Bu söz Mısırlı bir düşünüre ait.
Yetişmiş insan farkı, bilgi farkı, kalb ve dimağ farkı olarak da ifade edilebilir.
Eğer Osmanlı’nın çözülüş dönemine girdiği zamandan beri “Kaht-ı rical – Adam kıtlığı”ndan söz ediyorsak, eğer dertli yürekler 100 yıl önce “Bir zamanlar biz de millet hem nasıl milletmişiz...”gibi “Donanma ordu yürürken muzafferen ileri / Üzengi öpmeye hasretti Garb’ın elçileri”gibi hasret yüklü mısralar yazıyorsa, dimağlarda – gönüllerde bir şeyleri kaybetmiş olmamızdan ve onun devlet – toplum hayatına yakıcı gerçekler halinde yansımış bulunmasından kaynaklanıyor.
İstesek de istemesek de dünya ile temas halindeyiz ve bu, normal zamanlarda yarış halinde, anormal boyutlara gidildiğinde de savaş halinde ete kemiğe bürünüyor.
Bilgi ve kişilik donanımı, neticeleri belirleyen önemli unsurlar. İman, coşku, bilgi ile donanırsa yarışta – savaşta daha olumlu neticeler almak mümkün. Top dökeceksiniz, gemileri karadan yürüteceksiniz, bunu sağlayacak araçları üreteceksiniz vs...Dara düşerseniz, çocuğunuzun kundağı ile mermileri de sararsınız, ama dara düşmemeye çalışmak önceliklidir. Zaaf içinde gözükmek, düşmanın iştahını artırır. Sulhu salah istiyorsak, cenge hazır olduğumuzun bilinmesi lazımdır.
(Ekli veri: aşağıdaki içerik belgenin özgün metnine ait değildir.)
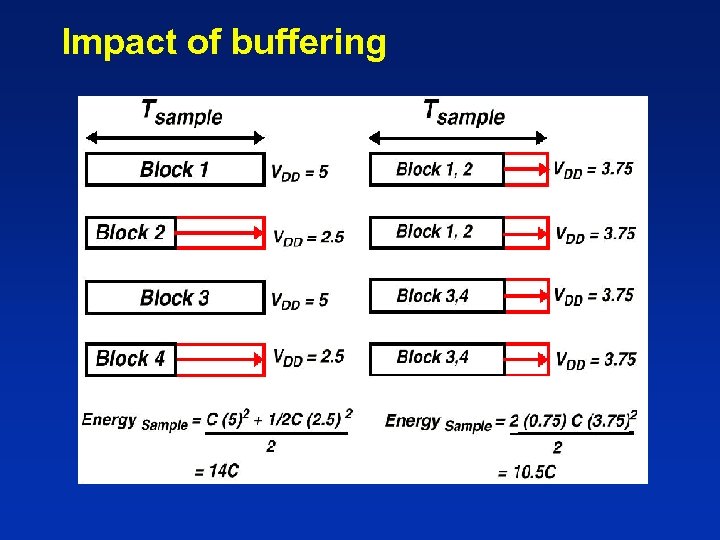 Impact of buffering 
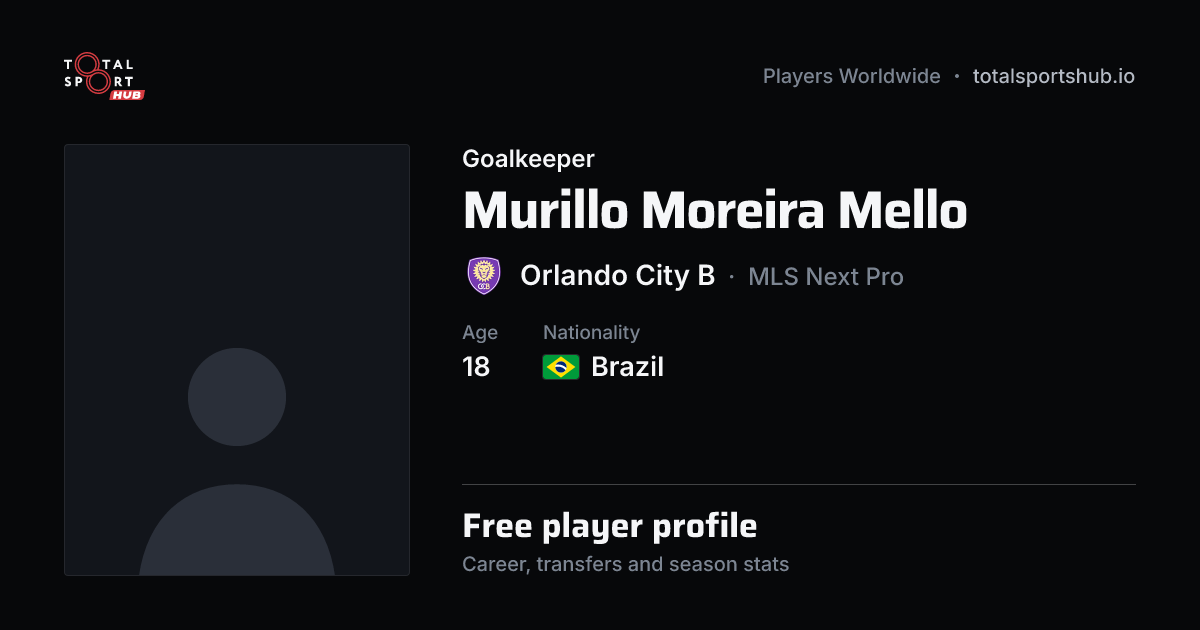 Share card: Murillo Moreira Mello — Goalkeeper, Orlando City B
Konuyu eğitime getirmek istiyorum.
Salı günü Antalya’da, Orta Öğretim Genel Müdürlüğünün düzenlediği bir toplantıya katıldım. 2 bin okul müdürünü orada toplamışlar, orta öğretimin sorunlarını görüşüyorlar. Beni de hem 15 Temmuz’u anlatmak hem eğitim üzerine düşüncelerimi almak için davet ettiler. 900’e yakın okul müdürüne ve Milli Eğitim Üst Yöneticilerine hitap ettim. Ayrıca Müsteşar Yardımcısı Muhterem KurtBey dahil üst yönetim kadroları ile özel sohbetlerimiz oldu.